Cerita Anak yang Non-Moralis  

Iklan terakota

Judul                 19 Cerita Anak Indonesia

Penulis               Akmal Nasery Basral, Alberthiene Endah, Ari Ambarwati, Danny I. Yatim, Deasy Tirayoh, Iksaka Banu, Jane Ardaneshwari, Kurnia Effendi, Mudji Sutrisno, Murti    Bunanta

Penerbit          Dio Media, Sukoharjo

Tahun Terbit   2022

Tebal                134 + xiv

ISBN                 978-623-5518-47-7

Terakota.ID–Buku cerita anak di Indonesia cukup populer. Dari tahun ke tahun, selalu ada buku cerita anak baru yang diterbitkan. Jika ke toko buku, rasanya tidak terlalu sulit untuk menemukan rak khusus yang berisi buku anak, secara khusus buku cerita.
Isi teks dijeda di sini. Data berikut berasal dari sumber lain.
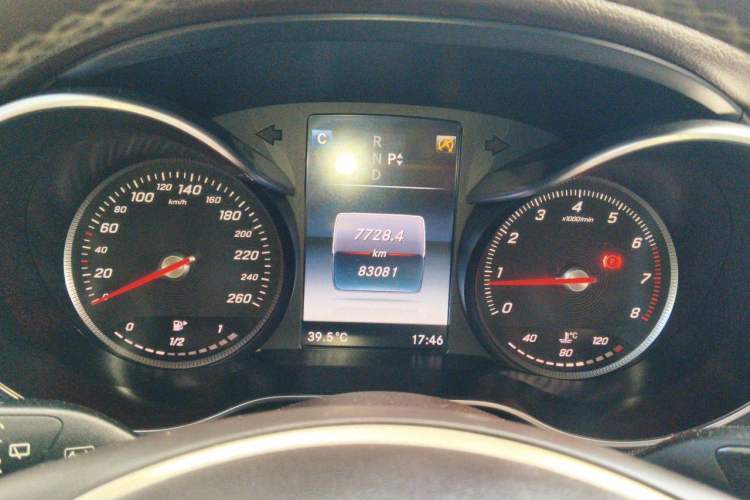 Used Mercedes-Benz GLC 2016 GLC 260 4MATIC Luxury Model Instrument Cluster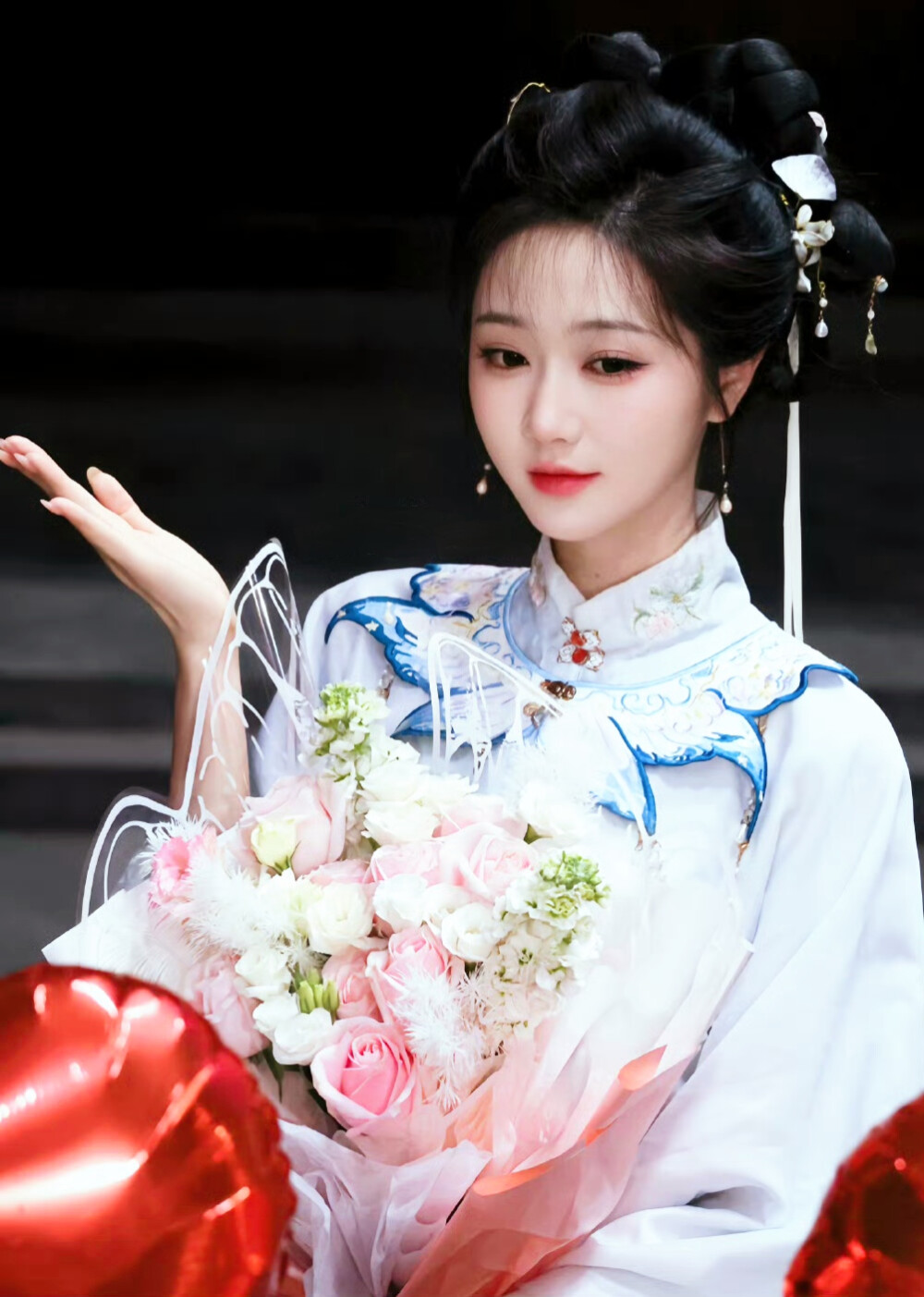 岳雨婷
Hal ini semestinya tidak terlalu mengejutkan apabila kita menyadari bahwa anak-anak 0-15 tahun di Indonesia pada 2022 menyusun sekitar 25 persen dari total populasi. Terdapat sekitar 66 juta jiwa anak-anak dari total 272 juta (bps.go.id) penduduk. Ditinjau dari perspektif pasar, ini jelas sebuah peluang besar.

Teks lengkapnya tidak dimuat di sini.